Pas étonnant que la campagne mette de l’avant des métiers de soudeur.euse ou de camionneur.euse. Mais le nerf de la guerre demeure l’accès à la propriété, un rêve réalisable à Victo, avec une piscine en plus. « On a fait des études pour voir ce qui attire les gens. Ici, le pouvoir d’achat est très bien. On peut se permettre une maison », assure Tania Hurtubise-Forget.
Aux prises avec une population vieillissante comme ailleurs, Victoriaville a besoin de relève et pas nécessairement des familles, note la chargée de projet. « On vise aussi des gens issus de l ’immigration, déjà installés à Québec ou Montréal et qui vivent une certaine désillusion. Des gens insatisfaits qui cherchent quelque chose de stable, une autre option », résume-t-elle.
Le bonheur à dix minutes de Victo
Un profil semblable à celui de Samia, qui a fait le saut il y a environ trois ans, peu de temps après son arrivée au Québec. « Je suis arrivée d’Algérie, et j’ai retrouvé ma sœur à Montréal. J’ai alors suivi un programme pour trouver une job en région, en plus de participer à quelques salons de l’emploi », raconte la femme de 39 ans, qui était ingénieure mécanique spécialisée en transport ferroviaire dans son pays d’origine.
«Montréal me manquait au début, mais je me suis bien installée et j’ai acheté une maison, ce qui n’aurait jamais été possible là-bas»

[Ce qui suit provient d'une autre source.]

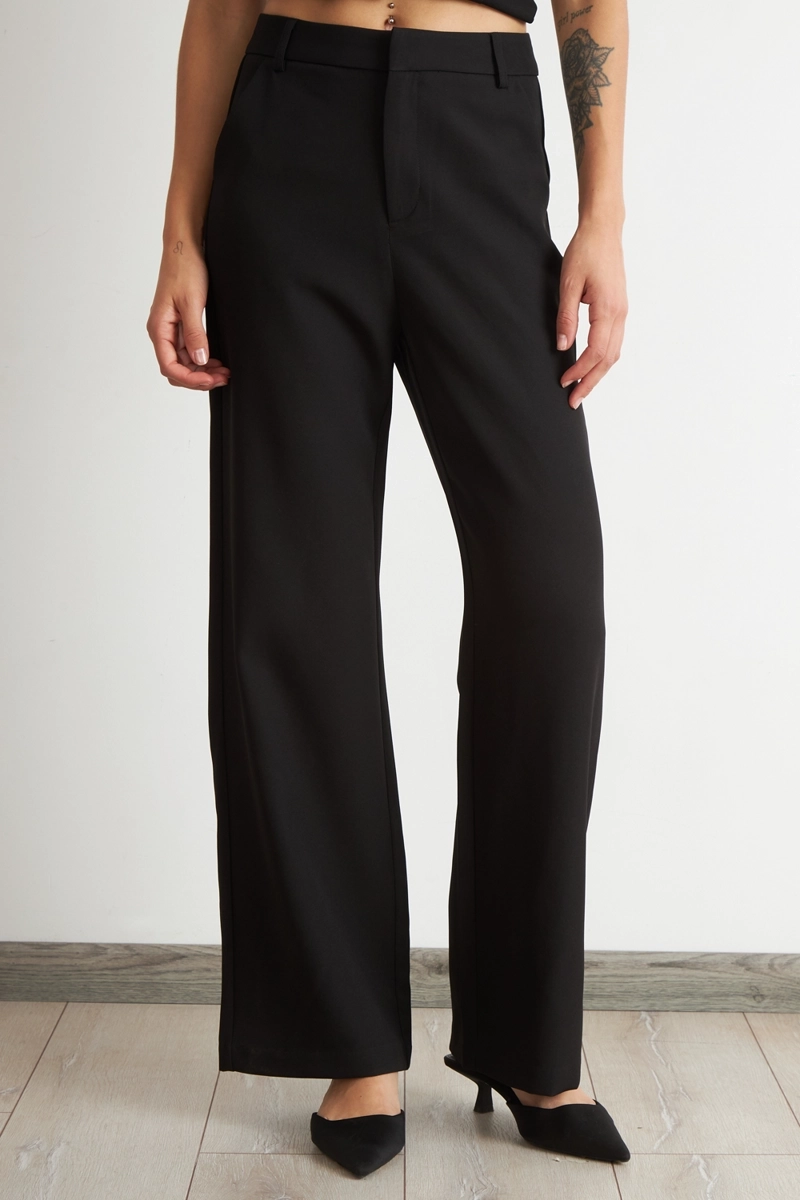 PANTALON BASICO NEGRO NICOPOLY - 5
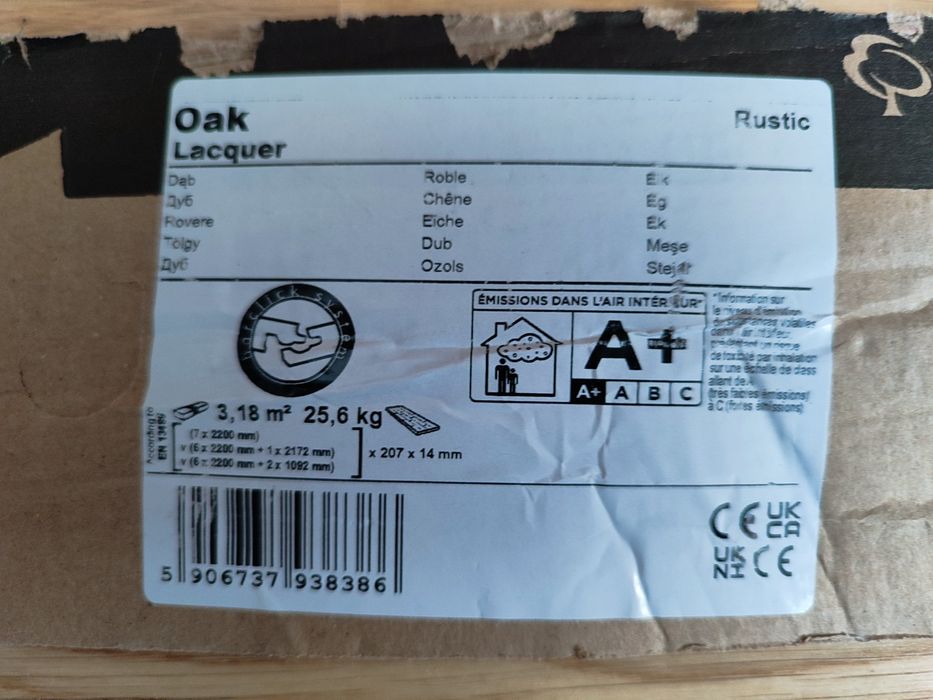 Panele podłogowe 4 sztuki, nie używane. Wymiary na zdjęciu.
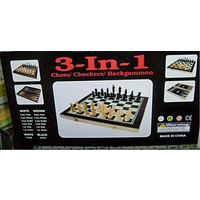 Игра 3в1 (шахматы, шашки,нарды) 19,5*19,5см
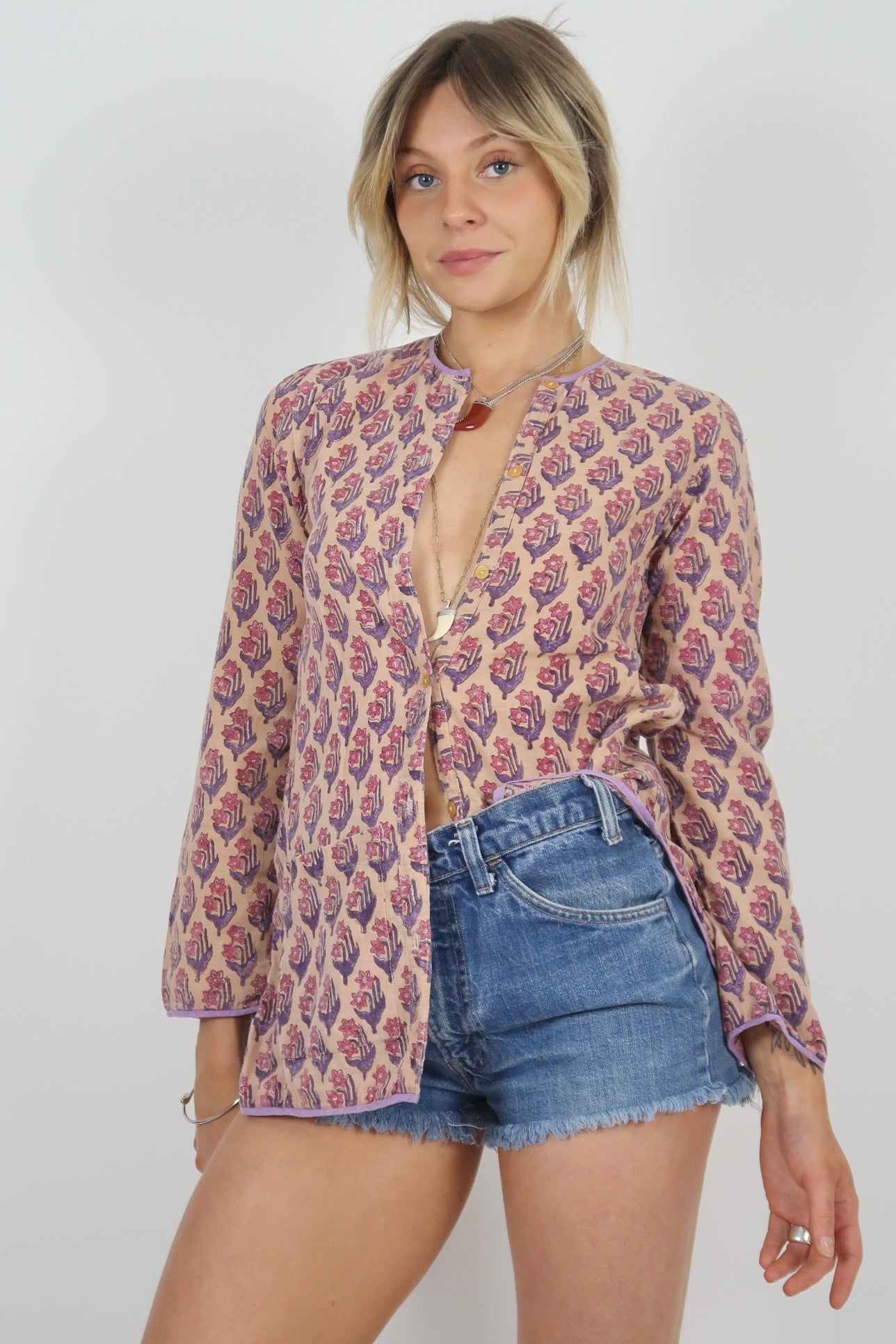 1970s Anohki cotton shirt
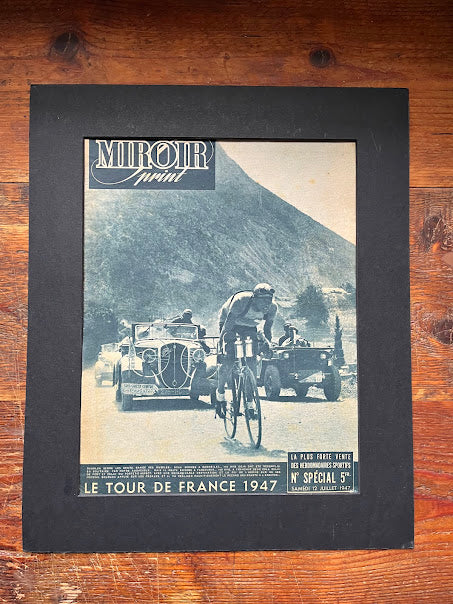 Vintage Tour de France Cycling Print - 1947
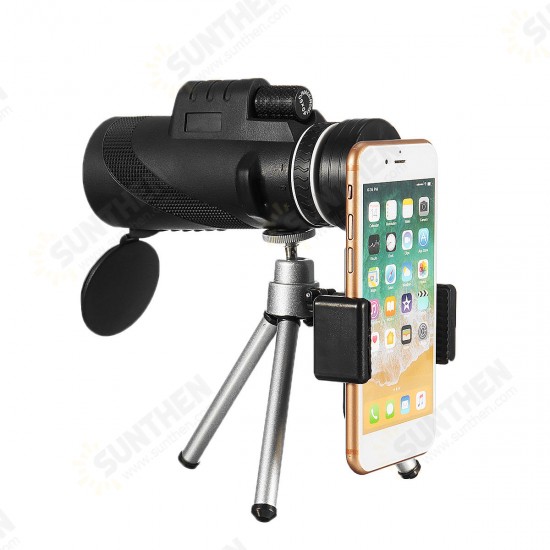 40X60 HD BAK4 Optical Lens Monocular Low Light Level Night Vision Waterproof Phone Telescope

Comme son diplôme n’est pas reconnu ici, elle s’est trouvé un boulot en contrôle de la qualité dans une industrie de la région de Victoriaville, où elle travaille depuis. « J’étudie à temps partiel dans l’espoir d’obtenir mes équivalences », souligne Samia.
Après une courte période d’adaptation, elle n’a que de bons mots pour sa région d’adoption. « Montréal me manquait au début, mais je me suis bien installée et j’ai acheté une maison, ce qui n’aurait jamais été possible là-bas », admet Samia, qui s’ennuie maintenant de son coin de pays lorsqu’elle va visiter sa famille à Montréal.
« Je préfère aller à Québec si j’ai le choix maintenant, c’est plus calme. Si j’avais pas de famille à Montréal, j’irais toujours à Québec », confie Samia, qui habite à dix minutes du centre-ville de Victoriaville. « Je trouve les gens souriants, ils disent bonjour et demandent d’où je viens, sont curieux », louange-t-elle.
Samia n’a peut-être pas encore de piscine, mais elle a trouvé le bonheur à Victoriaville.
La MRC d’Arthabaska espère que plusieurs suivront son exemple, question de troquer les bouchons de circulation de l’autoroute métropolitaine pour les oiseaux du réservoir Beaudet.